• _TASK ITEM_
Write out the data word for word, taking care that no picture is carried over.

(MATERIAL PROVIDED)

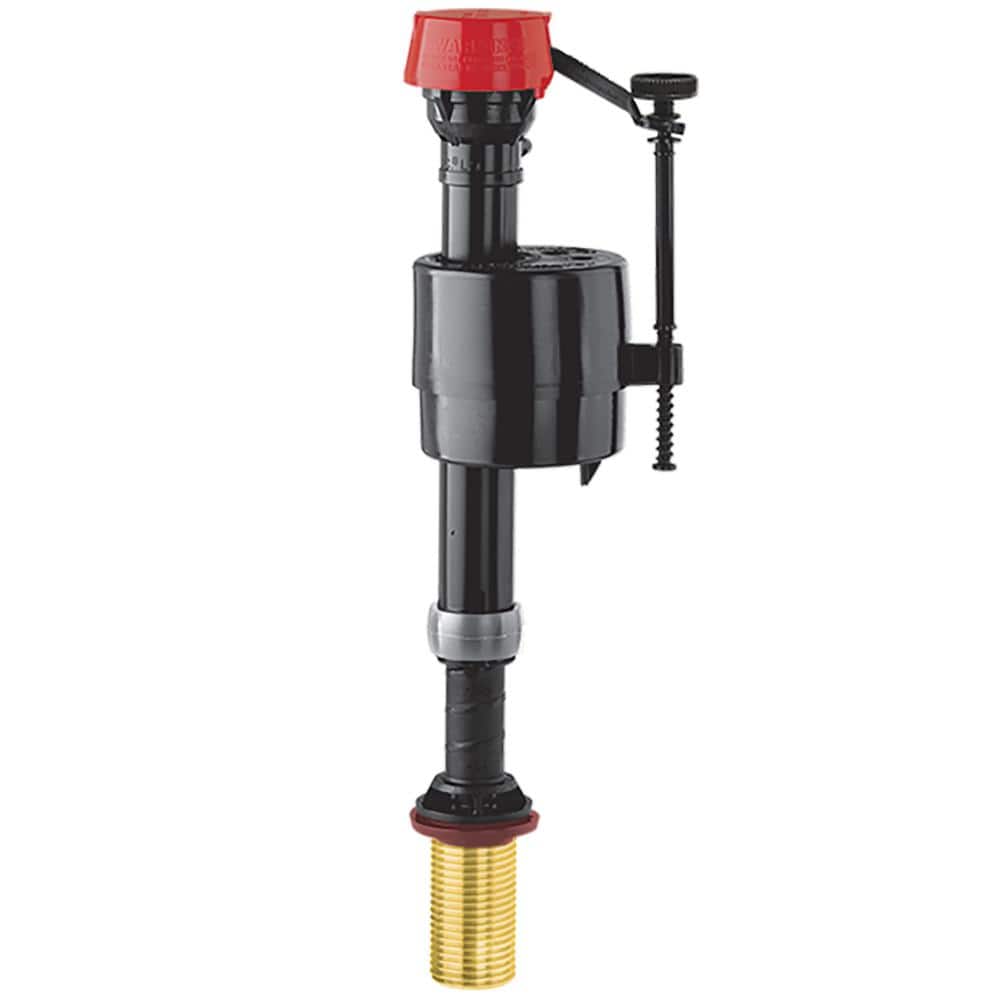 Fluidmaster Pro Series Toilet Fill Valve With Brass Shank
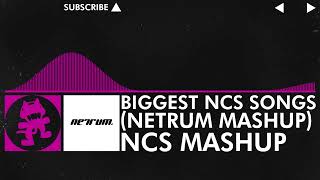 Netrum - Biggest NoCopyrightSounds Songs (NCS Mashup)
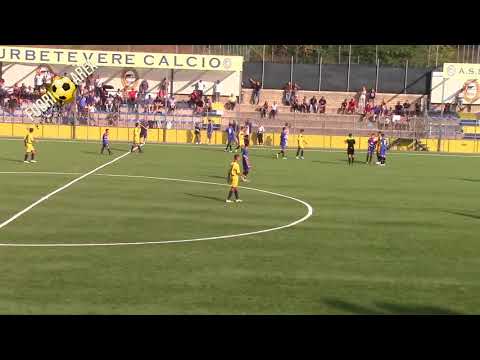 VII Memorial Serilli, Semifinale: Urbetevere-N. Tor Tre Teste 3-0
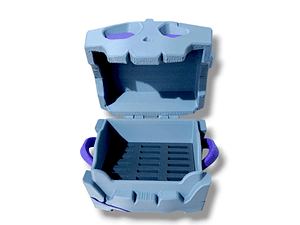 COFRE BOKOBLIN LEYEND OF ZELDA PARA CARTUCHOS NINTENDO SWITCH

(End MATERIAL PROVIDED)

• _THE COMPLETED TASK_
 Fluidmaster Pro Series Toilet Fill Valve With Brass Shank
 Netrum - Biggest NoCopyrightSounds Songs (NCS Mashup)
 VII Memorial Serilli, Semifinale: Urbetevere-N. Tor Tre Teste 3-0
 COFRE BOKOBLIN LEYEND OF ZELDA PARA CARTUCHOS NINTENDO SWITCH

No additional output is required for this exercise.